AIM OF THE TASK
Please return the records below exactly as they appear, leaving every picture out.
##########
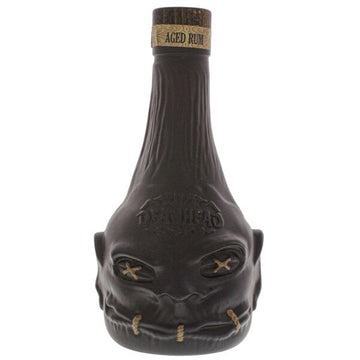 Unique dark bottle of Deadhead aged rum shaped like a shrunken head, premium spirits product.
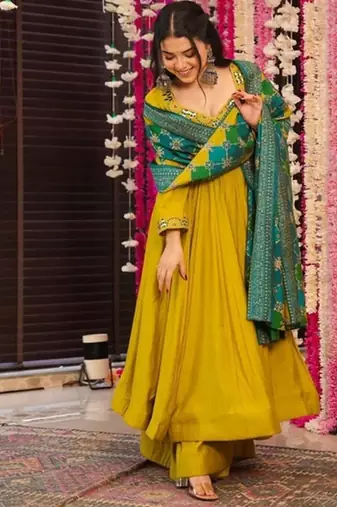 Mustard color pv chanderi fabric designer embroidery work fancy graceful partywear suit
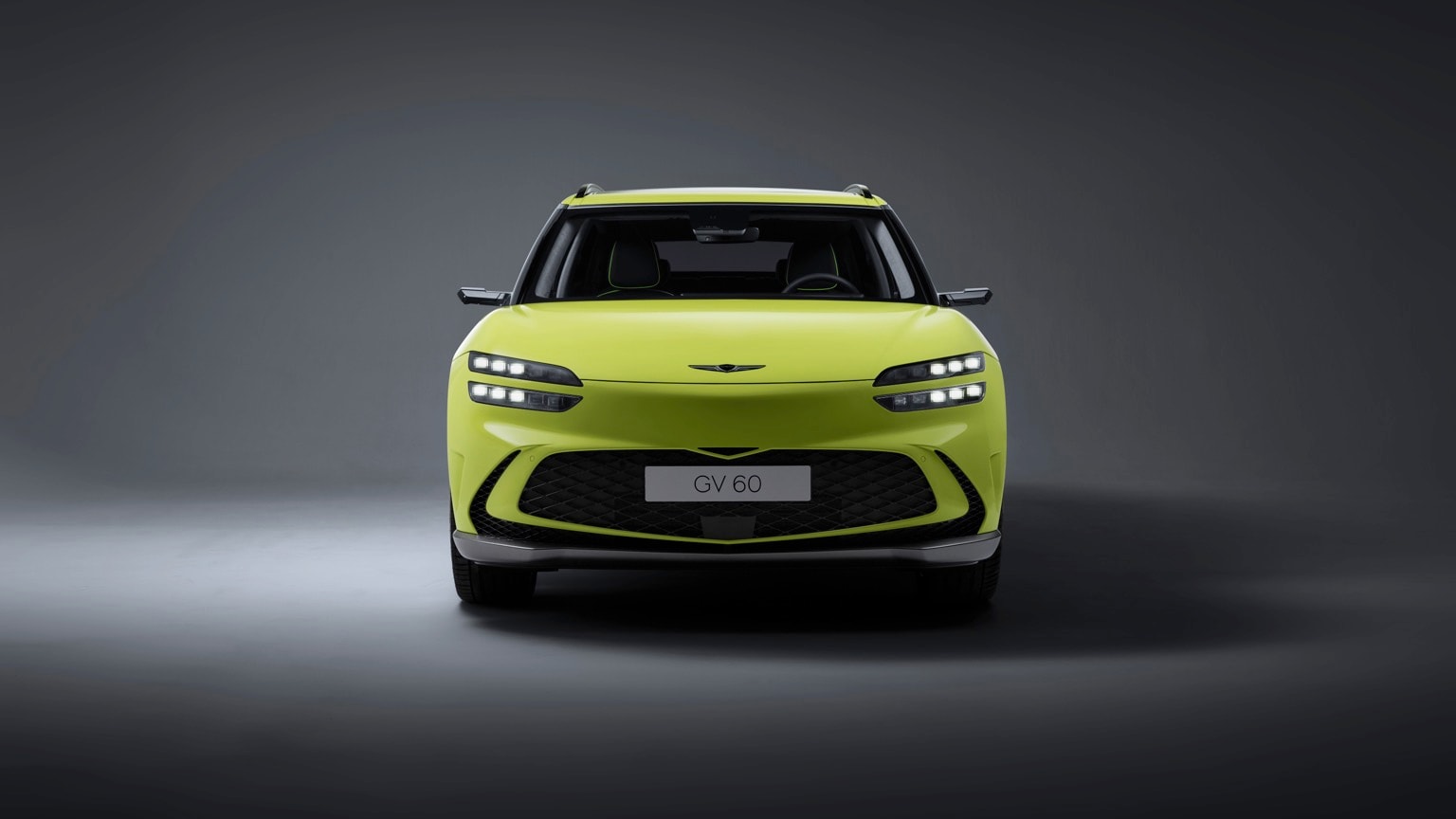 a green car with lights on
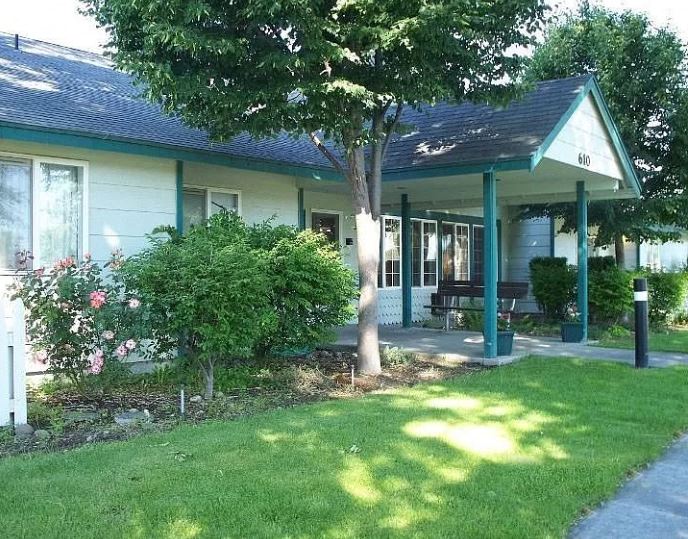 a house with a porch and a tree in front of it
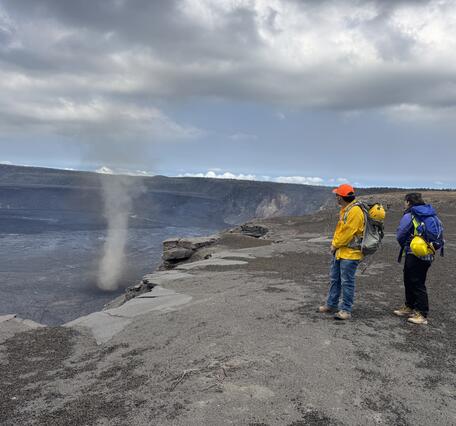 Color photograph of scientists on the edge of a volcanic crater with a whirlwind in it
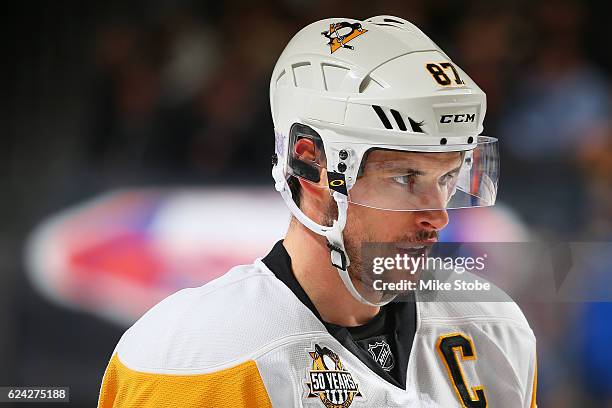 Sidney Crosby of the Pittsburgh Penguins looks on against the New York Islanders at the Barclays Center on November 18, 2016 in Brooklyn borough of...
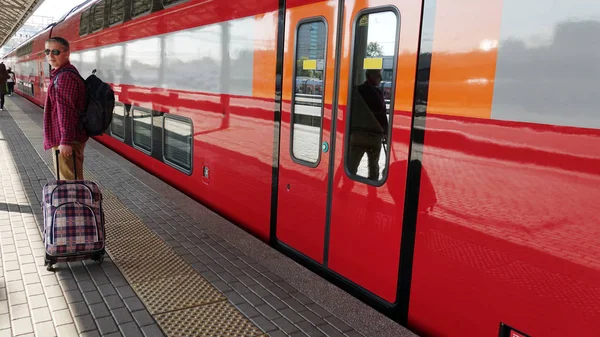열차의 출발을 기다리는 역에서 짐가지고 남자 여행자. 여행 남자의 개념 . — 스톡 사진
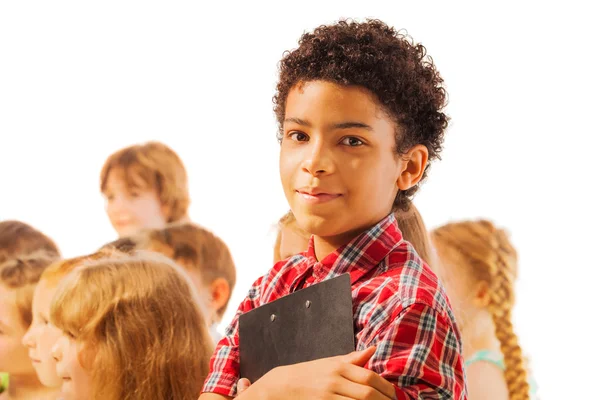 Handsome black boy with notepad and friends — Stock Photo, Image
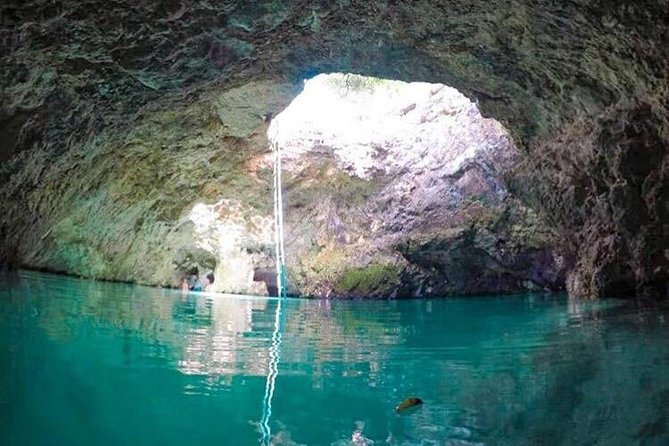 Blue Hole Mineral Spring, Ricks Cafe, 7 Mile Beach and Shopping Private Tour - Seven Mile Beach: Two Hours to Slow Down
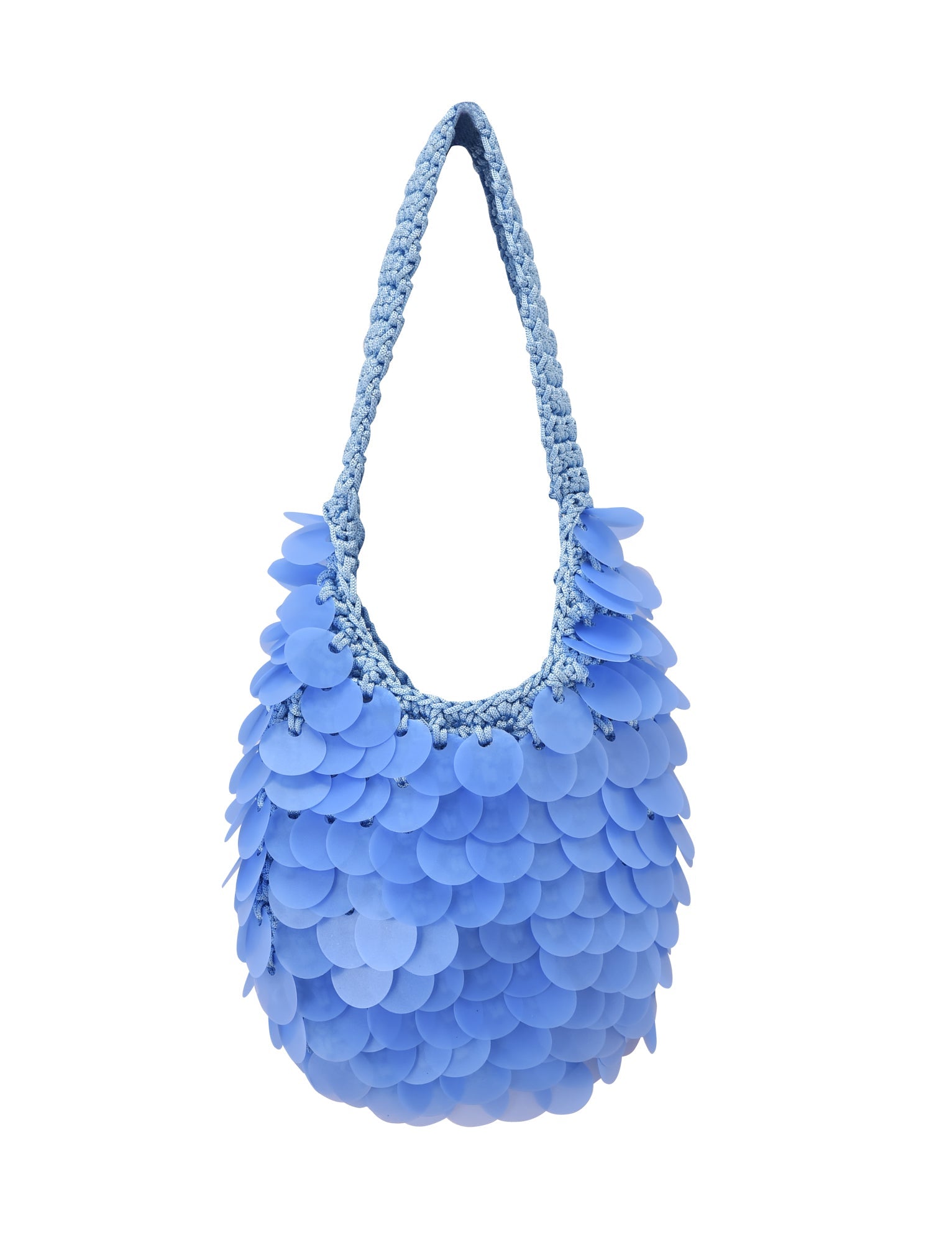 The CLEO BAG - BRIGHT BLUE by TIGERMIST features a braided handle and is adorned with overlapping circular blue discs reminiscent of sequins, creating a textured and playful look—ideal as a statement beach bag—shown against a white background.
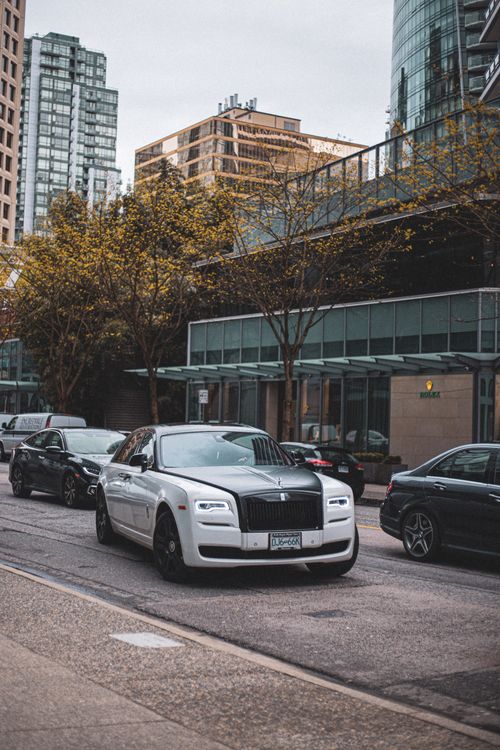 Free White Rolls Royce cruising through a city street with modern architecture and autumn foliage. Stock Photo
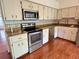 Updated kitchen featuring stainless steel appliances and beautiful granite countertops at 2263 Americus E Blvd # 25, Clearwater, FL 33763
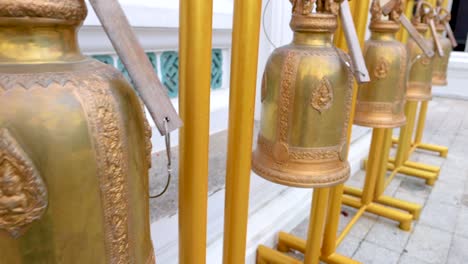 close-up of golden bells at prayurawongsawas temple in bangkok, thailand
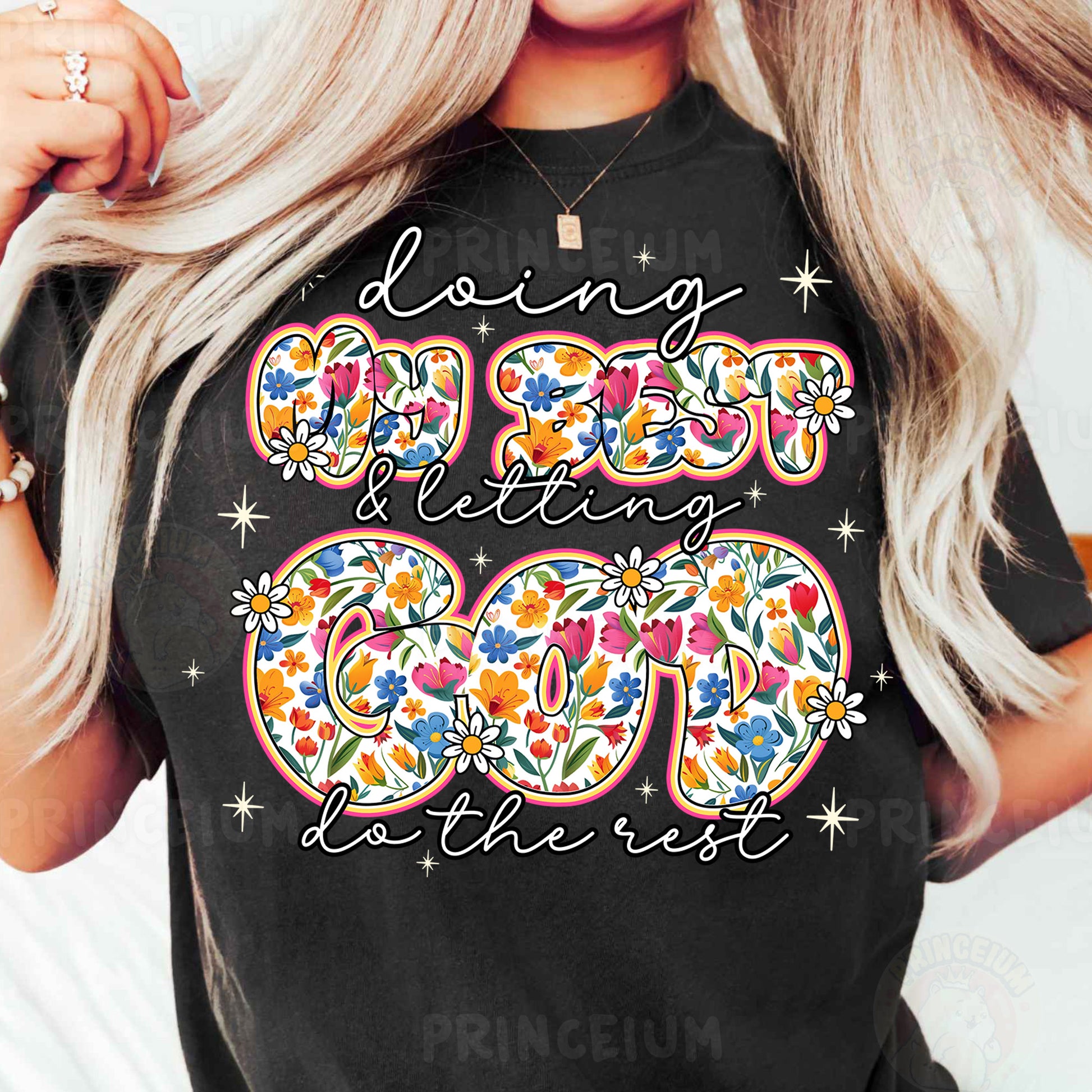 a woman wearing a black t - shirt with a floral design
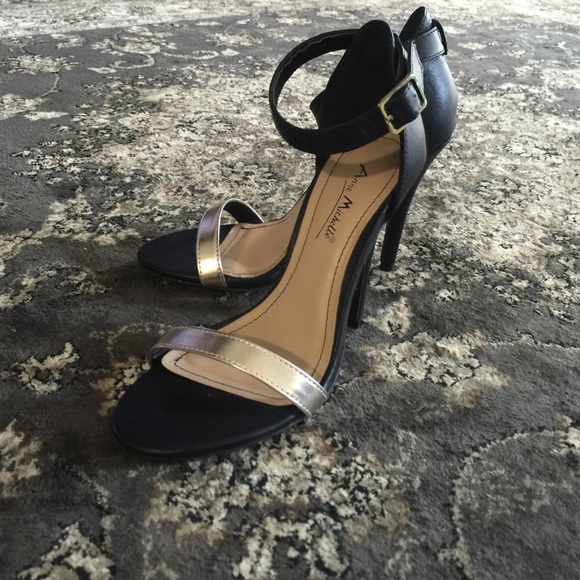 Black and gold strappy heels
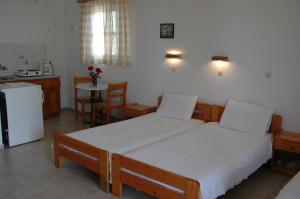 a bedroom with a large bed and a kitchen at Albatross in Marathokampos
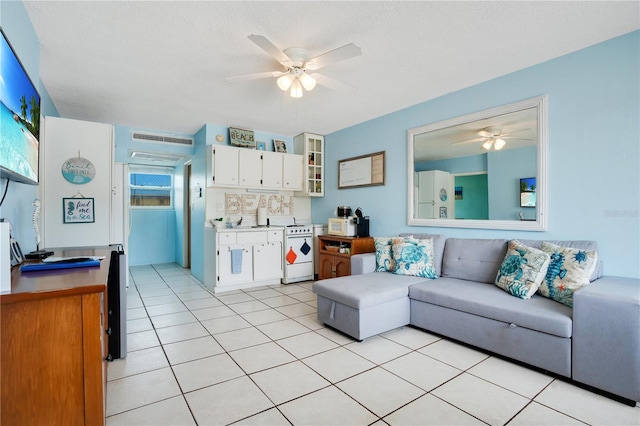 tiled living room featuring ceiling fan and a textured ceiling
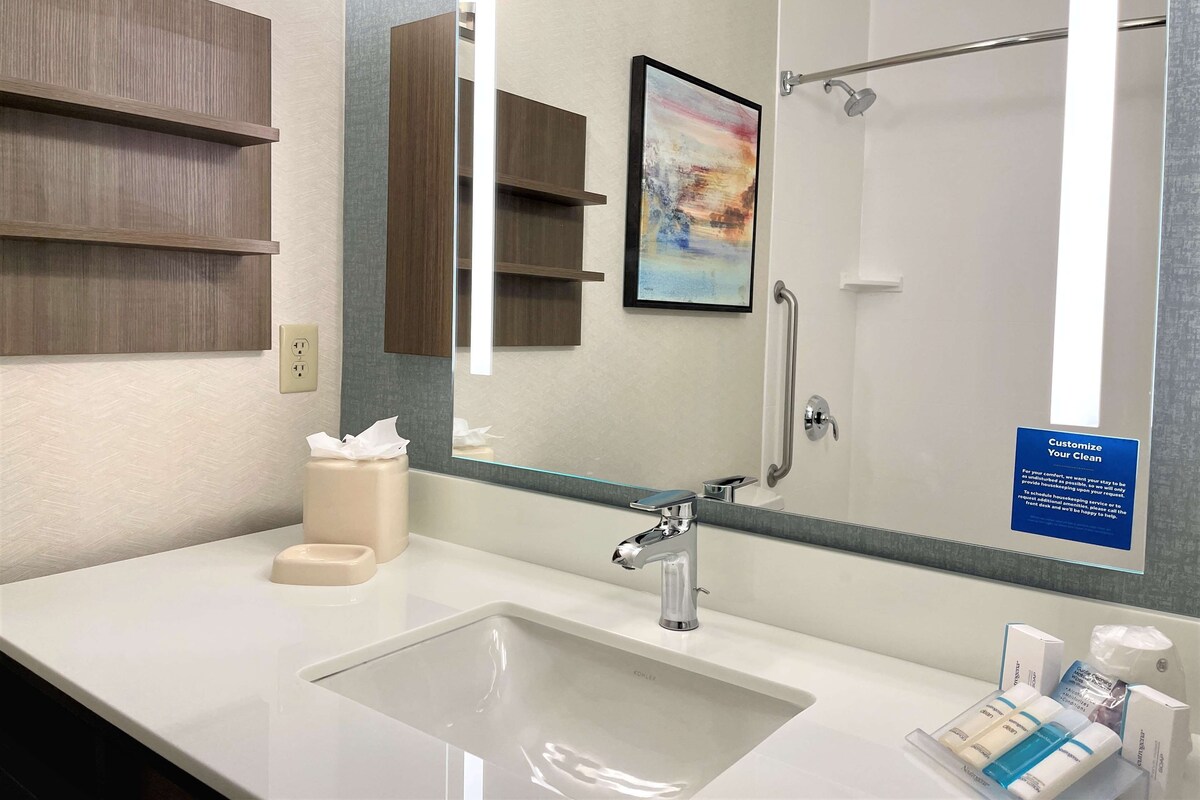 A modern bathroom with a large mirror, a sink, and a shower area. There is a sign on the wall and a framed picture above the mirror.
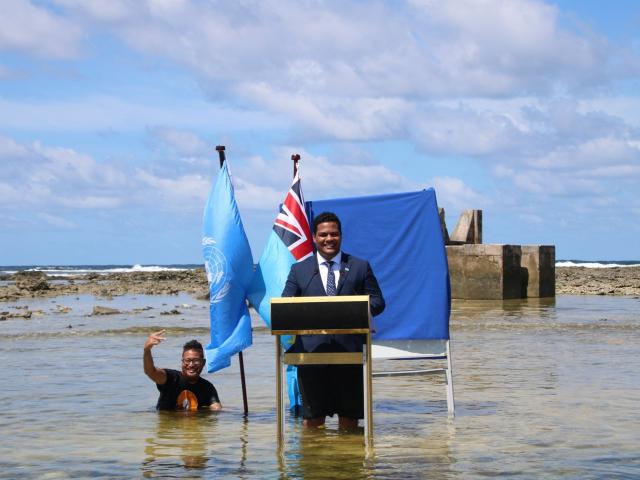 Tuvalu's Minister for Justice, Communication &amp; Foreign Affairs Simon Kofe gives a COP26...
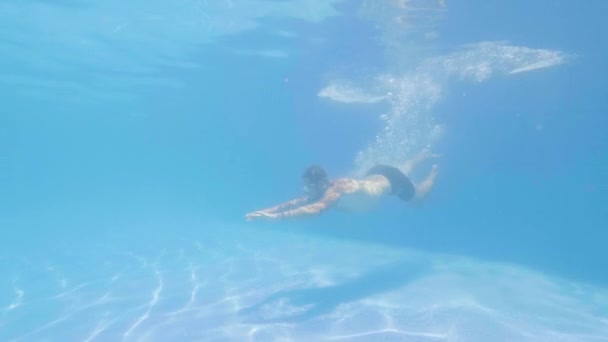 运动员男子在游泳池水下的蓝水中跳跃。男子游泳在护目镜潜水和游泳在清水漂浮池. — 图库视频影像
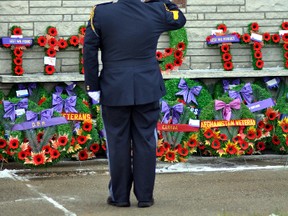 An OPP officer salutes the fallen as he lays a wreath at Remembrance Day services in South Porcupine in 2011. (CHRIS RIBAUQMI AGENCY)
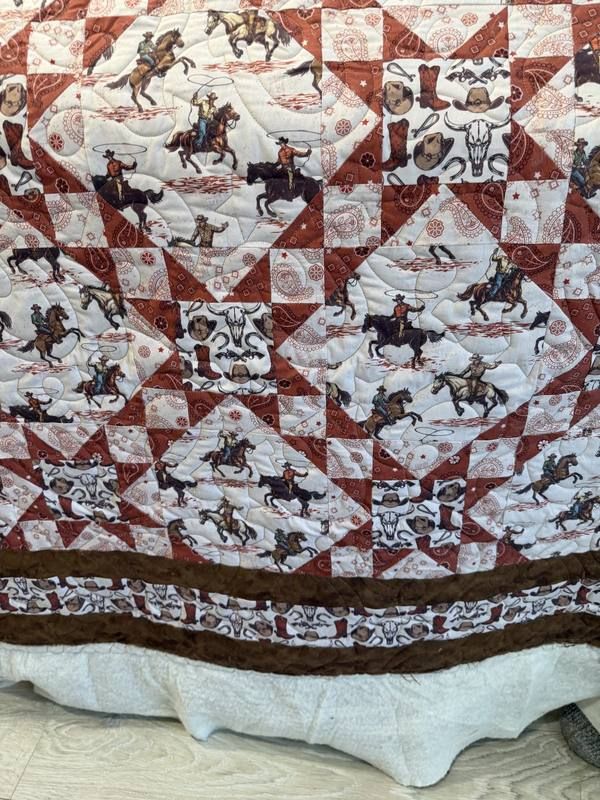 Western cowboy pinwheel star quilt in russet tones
##########
ANSWER TO THE PROBLEM
 Unique dark bottle of Deadhead aged rum shaped like a shrunken head, premium spirits product.
 Mustard color pv chanderi fabric designer embroidery work fancy graceful partywear suit
 a green car with lights on
 a house with a porch and a tree in front of it
 Color photograph of scientists on the edge of a volcanic crater with a whirlwind in it
 Sidney Crosby of the Pittsburgh Penguins looks on against the New York Islanders at the Barclays Center on November 18, 2016 in Brooklyn borough of...
열차의 출발을 기다리는 역에서 짐가지고 남자 여행자. 여행 남자의 개념 . — 스톡 사진
 Handsome black boy with notepad and friends — Stock Photo, Image
 Blue Hole Mineral Spring, Ricks Cafe, 7 Mile Beach and Shopping Private Tour - Seven Mile Beach: Two Hours to Slow Down
 The CLEO BAG - BRIGHT BLUE by TIGERMIST features a braided handle and is adorned with overlapping circular blue discs reminiscent of sequins, creating a textured and playful look—ideal as a statement beach bag—shown against a white background.
 Free White Rolls Royce cruising through a city street with modern architecture and autumn foliage. Stock Photo
 Updated kitchen featuring stainless steel appliances and beautiful granite countertops at 2263 Americus E Blvd # 25, Clearwater, FL 33763
 close-up of golden bells at prayurawongsawas temple in bangkok, thailand
 a woman wearing a black t - shirt with a floral design
 Black and gold strappy heels
 a bedroom with a large bed and a kitchen at Albatross in Marathokampos
 tiled living room featuring ceiling fan and a textured ceiling
 A modern bathroom with a large mirror, a sink, and a shower area. There is a sign on the wall and a framed picture above the mirror.
 Tuvalu's Minister for Justice, Communication &amp; Foreign Affairs Simon Kofe gives a COP26...
 运动员男子在游泳池水下的蓝水中跳跃。男子游泳在护目镜潜水和游泳在清水漂浮池. — 图库视频影像
 An OPP officer salutes the fallen as he lays a wreath at Remembrance Day services in South Porcupine in 2011. (CHRIS RIBAUQMI AGENCY)
 Western cowboy pinwheel star quilt in russet tones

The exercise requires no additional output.